Notably, Coral Springs never reapplied for a permit under the Amended Sign Code. Instead, it filed suit in federal district court on December 31, 2001. Its argument essentially was that the Sign Code was unconstitutional on its face when Coral Springs applied for the permit on September 6, 2001; that the unconstitutional provisions of the Sign Code could not be severed from the constitutional parts, meaning the entire statute was unlawful and therefore void; and consequently, that there was no enforceable Sign Code in place at the time of the application. In short, the plaintiff said, the application satisfied all state laws and the City had no valid basis for rejecting it, and, under Florida law, its right to the building permit vested at the moment it submitted an application. Finally, Coral Springs claimed, parts of the Amended Sign Code remained unconstitutional.

The City responded that the lawsuit was moot because the City had amended the challenged Sign Code and Coral Springs had never reapplied for a permit under the new law. Furthermore, the City argued, the old Sign Code was constitutional anyway, and to the extent that parts of it may not have been, they were nonetheless severable from the remaining valid parts, which included all of the provisions cited by the City in denying Coral Springs' application.

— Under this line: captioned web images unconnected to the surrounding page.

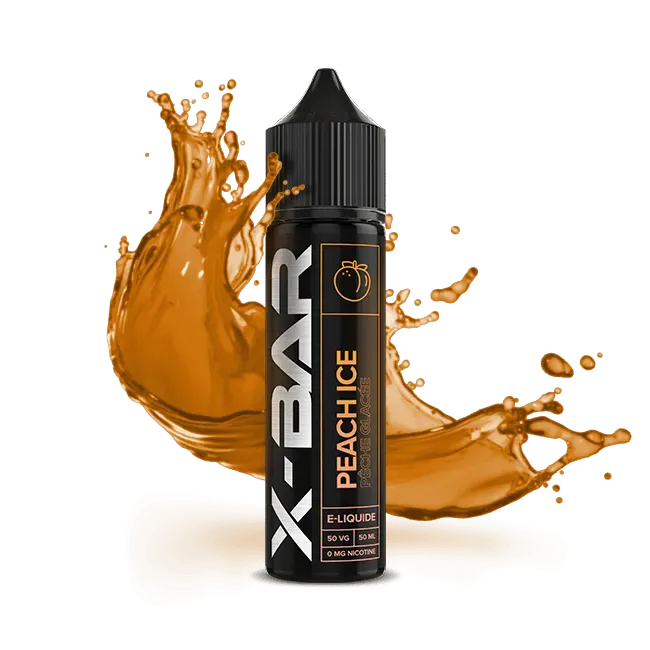 X-Bar Liquido 50ml Peach Ice Pesca Ghiacciata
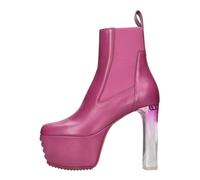 Rick Owens - Stivaletti Beatle con Griglia Minimal - - Shoes - Donna - Rosa - 37 EU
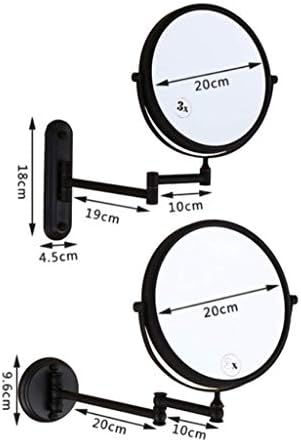 LCARY Wall-Mounted Vanity Mirror 8 inch Double Sided Beauty Mirror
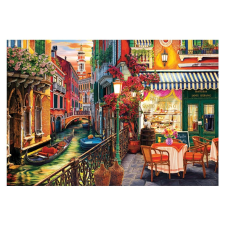 Velencei kávé puzzle 2000 darabos puzzle, kirakós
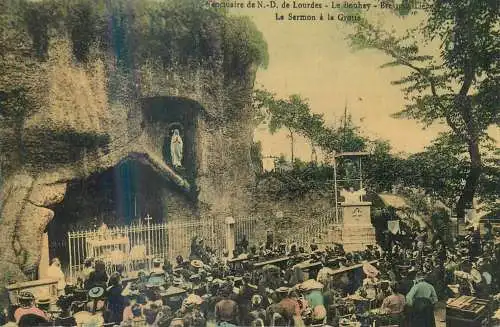 Belgium Liege Sanctuaire de N-D de Lourdes Le Bouhay Bressoux La Sermon a la Grotte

Finally, the City said, Coral Springs had no vested right to the approval of its permit.

On February 21, 2003, the district court granted summary judgment in favor of Coral Springs on all counts. See Coral Springs St. Sys., Inc. v. City of Sunrise, 287 F.Supp.2d 1313 (S.D.Fla.2003). Before deciding whether it had jurisdiction, the district court first ruled that the old Sign Code was unconstitutional. The court reasoned that the original Code favored commercial speech over non-commercial speech by prohibiting certain kinds of non-commercial signs, but not prohibiting any kind of commercial sign. Id. at 1319. In addition, the court found that the Code impermissibly restricted signs on the basis of content, because some noncommercial messages were permitted while others were not. Id.

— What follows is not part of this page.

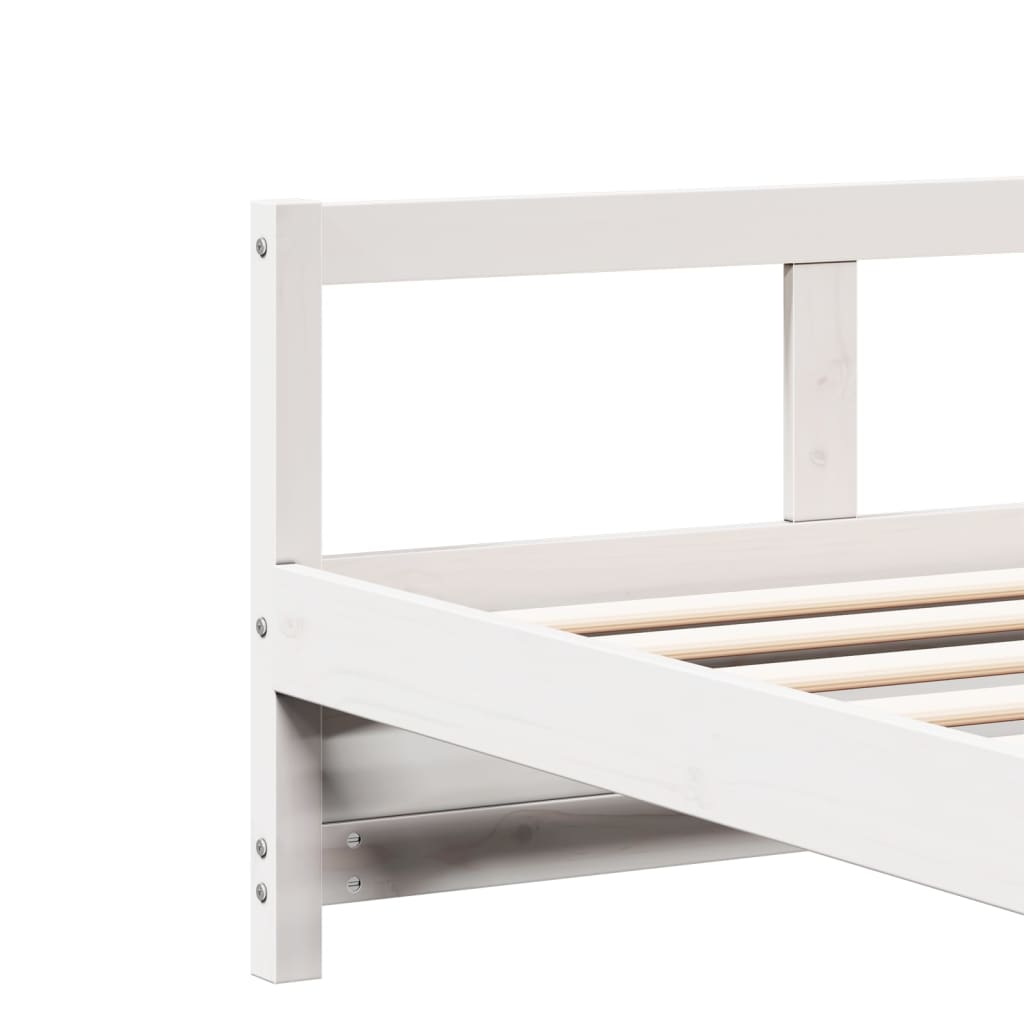 Daybed White 80x200 cm Solid Wood Pine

As for mootness, the district court held that the case was justiciable. It wrote:

The City argues that Coral Springs' claims are mooted by the enactment of the Amended Sign Code. The Eleventh Circuit has held that "when an application for a permit satisfies all existing and pending laws, the permit must then issue: a new law passed after the application was filed has no effect on the matter of issuance," Nat'l v. City of Fort Lauderdale, 8 F.3d 36 (11th Cir., Oct.26, 1993) (per curiam) (unpublished table decision No. 92-4750). Here, Coral Springs applied...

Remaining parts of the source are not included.